The sixth annual conference hosted by The National IOR Centre of Norway is history. Hopefully the participants got a refill of both knowledge and entertainment.
«Innovative work to ensure improved oil recovery has been happening for decades, but the concerted effort and the large dedicated team that work on a variety of technological paths here at the IOR Centre is unparalleled in Norwegian history.»
These are the words from mayor Christine Sagen Helgø (H) when she opened the IOR NORWAY conference. Sagen Helgø was refering to the strong collaboration between the Centre and industry partners.
«We are very glad that the IOR Centre is tackling the large challenges that their mandate gave them to solve. And that they work closely with the industry to make it viable and practical,» Sagen Helgø said.
Large scale testing and CCUS
Sagen Helgø was followed by Centre director Merete Vadla Madland and Arne Graue, leader of Petroleum Research School of Norway. In their opening speeches Madland stressed the need for large scale testing while Graue came with a greeting to the students.
«IOR NORWAY is one of the most important arenas for the PhDs to be exposed for the most recent research in this field,» he said while showing concern for all the negativity the oil industry is facing.
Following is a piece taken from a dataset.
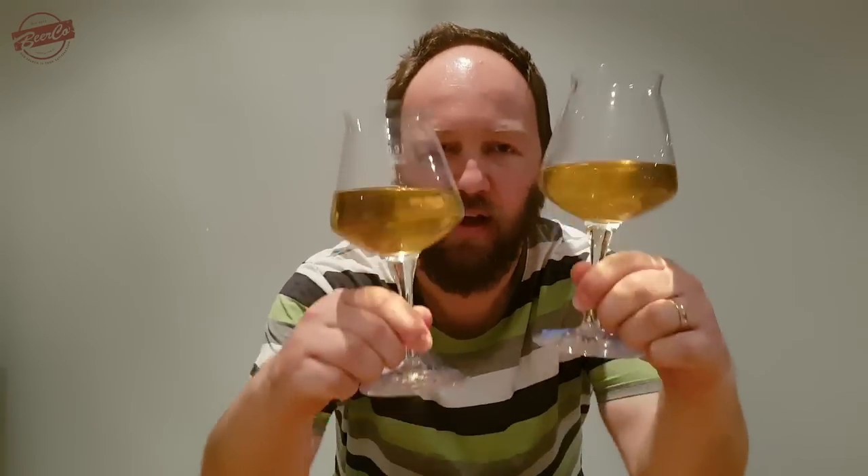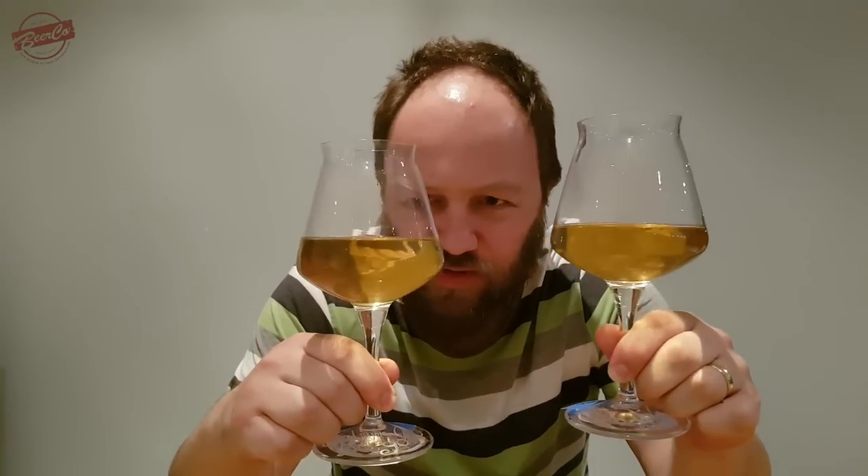Alright guys, we're back — it's the next day, in case you can't tell. We have another two sets of malts to try. This is Gladfield American Ale malt, and this is Crisp's Best Ale malt. In terms of color, these do look a tad darker than the previous ones. Let's go in for a smell.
«The image needs to be improved. How can we attract the younger generation to this challenge? Investing in the recruitment by introducing them to Carbon Capture, Utilization, and Storage (CCUS) is the way forward,» Graue said.
«More knowledge each year»
Senior Business Developer at NORCE, Ying Guo, got to sum up the conference.
«Each year we get more knowledge. I get emotional when I see all the young talents that will take over – keep up the good work,» Guo said.
She also took the opportunity to talk about the importance of CCUS.
«This is the first year where CO2 is a focused topic. To meet the climate challenge, CO2 must be adressed. CO2-EOR can be a good stepstone for storage,» Guo said.
Ying Guo asked the audience a rhetorical question.
«We still need energy, right? We should be proud of producing fossile energy for the next two or three decades.»
Lundin's gift, data from the Edvard Grieg field, was off course mentioned in the summary from Guo.
«That was the highlight for me. The data from Lundin is a fantastic opportunity for the Centre, and also a great challenge,» Guo said.